In 871, Alfred’s elder brother dies in battle at Merton and Alfred becomes King of Wessex, on the 23rd April.  One of his first acts, was to oversee the construction of an English fleet, to take on these Viking invaders on land and sea.  In 875 Alfred claimed a sea victory, holding his own against seasoned Viking mariners, and even managed to capture a Viking ship.

In 878, Danish forces push Alfred to the west and into the Somerset marshes.  From Athelney Fort, he gathered local assistance, to come out fighting and defeat the Danes at Edington in Wiltshire.  King Guthrum, the Danish Viking, captured by Alfred, goes on to secure his freedom by promising to leave Wessex.

As the Danes invade Kent in 885, Alfred goes on the offensive, driving back invaders and occupying London in 886.

Alfred proposes a treaty with Guthrum of co-existence: Anglo-Saxons in the south and west, with Danes in the north and east, which both parties agreed to.

The last Viking King of Northumbria was Eric Bloodaxe, who had previously been King of Norway in the 930’s.  He was expelled for extreme cruelty, having murdered his seven brothers’.

eric-bloodaxe

Eric Bloodaxe

In 947 Eric received the position as King until being expelled in 949 by Eadred, King of England, returned in 952 and killed by Eadred’s army in 954 at Stainmore.

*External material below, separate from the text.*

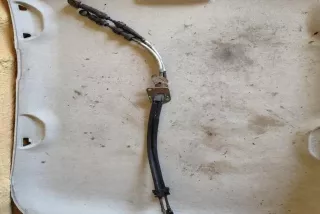 art14925416 Проводка КПП Toyota Corolla VERSO 2 Арт 14925416, вид 1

In 950, Wales comes under attack from Viking’s in their longships, from Ireland, Isle of Man and the Hebrides.  They showed much interest in coastal monasteries, looking for riches.

Aethelred II came to the throne in 978; his long reign in a battle scarred England took its toll on his health and his country.  No longer fit to command his army in battle, he bribed attacking armies.  In 994 Sven Forkbeard led a Danish army against London.  The attack was a failure; it was doomed from the start, for Forkbeard had been bought off.  Yet, his army went forward and ravaged the south-east.

In 1013, the Saxon King Aethelred, flees to Normandy as King Sven of Denmark and his son Cnut sail up the Humber and Trent, to become King of England.  In 1014 Sven dies and is succeeded by his son Cnut, who becomes King of the Danes and England.

In 1016, Aethelred dies, and his son Edmund Ironside, takes on Cnut, believing he should be King of England.

At the “Battle of Ashingdon” in Essex, the two armies do battle, and Edmund is defeated.  Even though Edmund was defeated, the control of England was split in two.  Canute controlled the lands in the north, whilst Edmund controlled those in the south.

Later that year Edmund dies and Canute is chosen to rule England as its new King.

In 1035, Canute dies and Harold Harefoot, snatches the throne from his half-brother Harthacanute, the rightful heir.  In 1040 Harthacanute ascends to the English throne upon the death of Harold Harefoot.  In 1042 Edward the Confessor, son of Aethelred II becomes King of England upon the death of Harthacanute.

In 1051, William, Duke of Normandy, met with Edmund at his court, where it was agreed William would succeed Edward the Confessor as the next King of England.

In 1064, Harold Godwineson, Earl of Wessex and close adviser to the King, swore an oath of support to William in his claim to the English throne.

In 1066, Edward the Confessor dies and Harold Godwineson becomes the last Anglo-Saxon King of England.  William, the Duke of Normandy had been promised the English throne, yet Harold became King, backed by his nobles… William had been betrayed.

King Harald of Norway invaded northern England, laying siege and capturing York.  King Harold is forced to march north and meet Harald at Stamford Bridge, whereupon the King of Norway is killed in battle.

As the news reached King Harold of William’s landing in the south, his tired army had to march south… no time for rest and take on William’s forces.

battle-of-hastings

Battle of Hastings

On the 14th October 1066, William the Duke of Normandy and King Harold of England met on the battle field, the prize on offer to the victor; King of England.

The “Battle of Hastings” was won by William, the Duke of Normandy, and from that day forth, life in England changed.